== Required work ==
Produce an exact copy of the lines from the line containing "Wetter Priosersk (Russland)" through the last line of the entries below, and only those lines.

Collection entries:
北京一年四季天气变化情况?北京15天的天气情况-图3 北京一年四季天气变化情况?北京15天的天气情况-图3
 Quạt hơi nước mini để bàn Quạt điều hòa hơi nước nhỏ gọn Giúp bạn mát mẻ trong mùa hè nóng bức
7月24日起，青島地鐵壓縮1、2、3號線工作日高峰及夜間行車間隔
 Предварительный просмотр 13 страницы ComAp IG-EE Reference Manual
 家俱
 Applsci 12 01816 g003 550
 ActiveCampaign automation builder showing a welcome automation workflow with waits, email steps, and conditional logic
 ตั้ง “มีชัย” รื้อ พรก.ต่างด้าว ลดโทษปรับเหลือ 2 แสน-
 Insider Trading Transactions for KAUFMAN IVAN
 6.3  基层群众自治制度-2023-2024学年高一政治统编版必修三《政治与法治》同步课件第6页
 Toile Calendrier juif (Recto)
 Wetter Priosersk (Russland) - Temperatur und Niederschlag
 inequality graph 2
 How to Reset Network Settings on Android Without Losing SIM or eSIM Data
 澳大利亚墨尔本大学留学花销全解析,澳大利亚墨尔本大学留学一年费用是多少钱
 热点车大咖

== Answer box ==
 Wetter Priosersk (Russland) - Temperatur und Niederschlag
 inequality graph 2
 How to Reset Network Settings on Android Without Losing SIM or eSIM Data
 澳大利亚墨尔本大学留学花销全解析,澳大利亚墨尔本大学留学一年费用是多少钱
 热点车大咖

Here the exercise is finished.